Le document publié par la FIFA révèle que la fédération, dirigée par Gianni Infantino, cherche à prendre une décision rapide et déterminante concernant le nouveau format du tournoi, après l'édition 2026 qui verra la première participation de 48 sélections.
Cette initiative intervient au moment où les tensions montent entre les confédérations continentales, déjà divisées sur plusieurs questions stratégiques, au premier rang desquelles le débat qui fait rage depuis le début de la semaine autour de la proposition de « vente de la Coupe du monde ».
Que va étudier l'agence ?
La FIFA a défini le périmètre de la mission avec précision : l'agence retenue devra évaluer si le passage du nombre de sélections de 48 à 64 aura un impact sur la valeur marchande du tournoi et sur l'ensemble de l'écosystème du football, et de quelle manière. L'analyse demandée comprend : premièrement, l'évaluation des revenus attendus de l'édition élargie.
Deuxièmement, une analyse complète des conséquences pour les marques, les diffuseurs, les supporters, les entreprises de médias, les fédérations nationales et continentales, les ligues, les clubs et les autres acteurs de l'industrie du sport.
Le document a insisté sur le fait que l'étude devra « évaluer l'intérêt du marché, les opportunités commerciales et les risques de saturation du marché ». Il a précisé que le recours aux données des consommateurs ou des supporters est autorisé s'il apporte des éclairages utiles, mais qu'il « ne doit pas constituer le cœur de l'étude », laquelle devra conserver « avant tout une approche B2B, d'entreprise à entreprise ».
Un calendrier serré avant septembre
La FIFA a dévoilé un calendrier intensif pour le projet : l'agence retenue pour le contrat de conseil sera désignée le 14 août prochain.

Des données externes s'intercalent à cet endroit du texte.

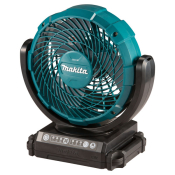 Makita CF101DZ 12V Max Oscillating Portable Fan – 180mm (Body Only, Includes AC Adapter)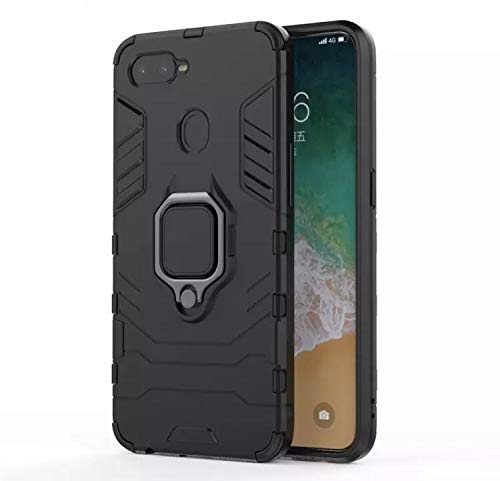 zivite Armor Shockproof Soft TPU and Hard PC Back Cover Case with Magnetic Ring Holder for Oppo Realme 2 Pro - Armor Black (B08411RH3G) Amazon Price History, Amazon Price Tracker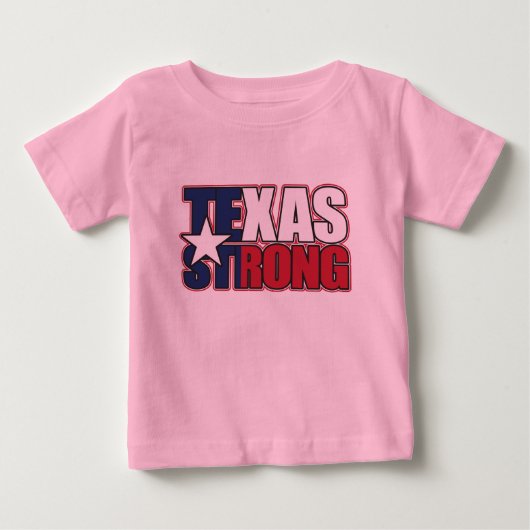 テキサス州強 ベビーTシャツ (正面)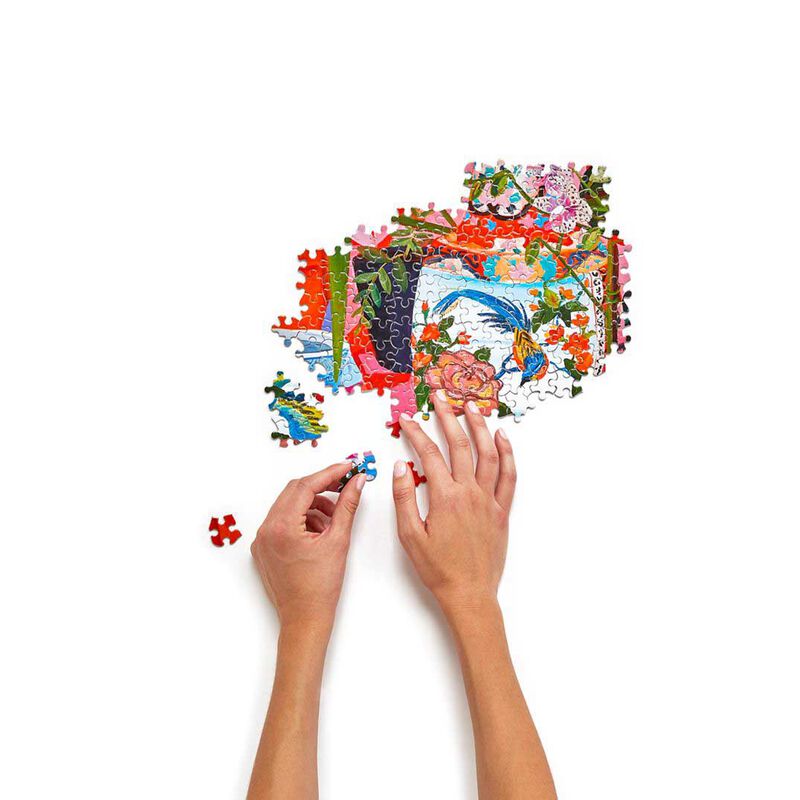 WerkShoppe Tropical Vases 1000 Piece Puzzle image number 2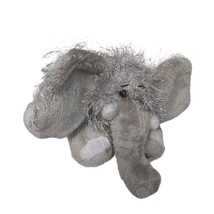 Ganz Webkinz Gray Elephant Long Hair Plush Stuffed Animal HM007 10&quot; - £16.58 GBP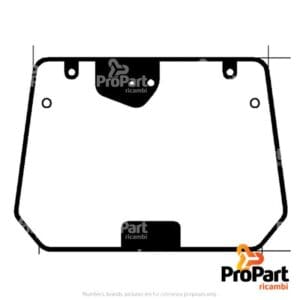 Rear Window suitable for Deutz-Fahr, SAME - 0.016.9257.4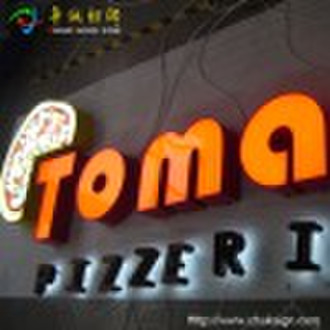 LED Aluminum PIZZA sign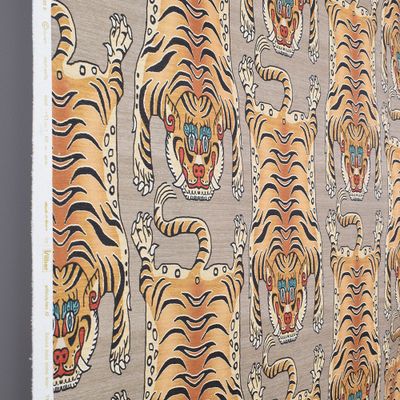 Möbeltyg exklusivt Tigre beige | nordisktextil.se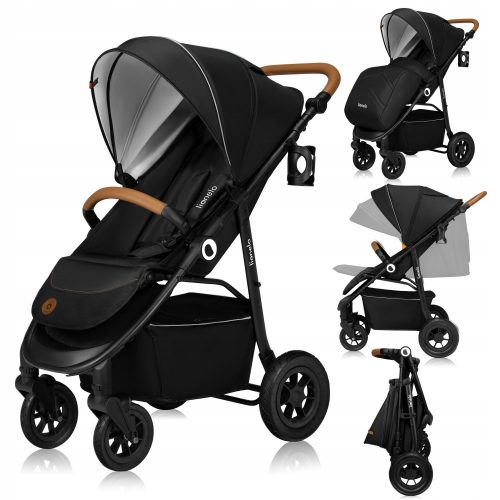  Carucior Lionelo Natt Black Onyx 22 kg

Elle disposera d'un délai de quatre semaines seulement pour présenter ses conclusions, soit d'ici le 10 ou le 11 septembre, avant l'échéance fixée au 19 septembre dans le cadre du processus de vente des droits d'organisation de la Coupe du monde.
Cela signifie que le monde du football pourrait savoir avant la fin de l'été si le plus prestigieux des tournois s'élargira de nouveau pour accueillir 64 pays.
Une fracture continentale menace d'exploser
La décision attendue intervient dans un climat tendu. Alors que la FIFA continue de pousser fortement en faveur de l'élargissement, de grandes confédérations continentales se trouvent aux antipodes.
L'Union des associations européennes de football (UEFA) figure parmi les principaux opposants à cette orientation, rejointe dans ses réserves par la CONCACAF, la Confédération asiatique, la Confédération africaine et la Confédération d'Océanie, avec des positions contradictoires à l'égard de l'ensemble des orientations que défend actuellement la FIFA.
L'étude sur les 64 sélections intervient parallèlement à la tempête suscitée par la proposition de création de la « Fondation FIFA Forward » et l'ouverture de la Coupe du monde aux investissements privés, ce qui accentue les divisions et laisse présager une confrontation ouverte entre Zurich et les autres capitales du football.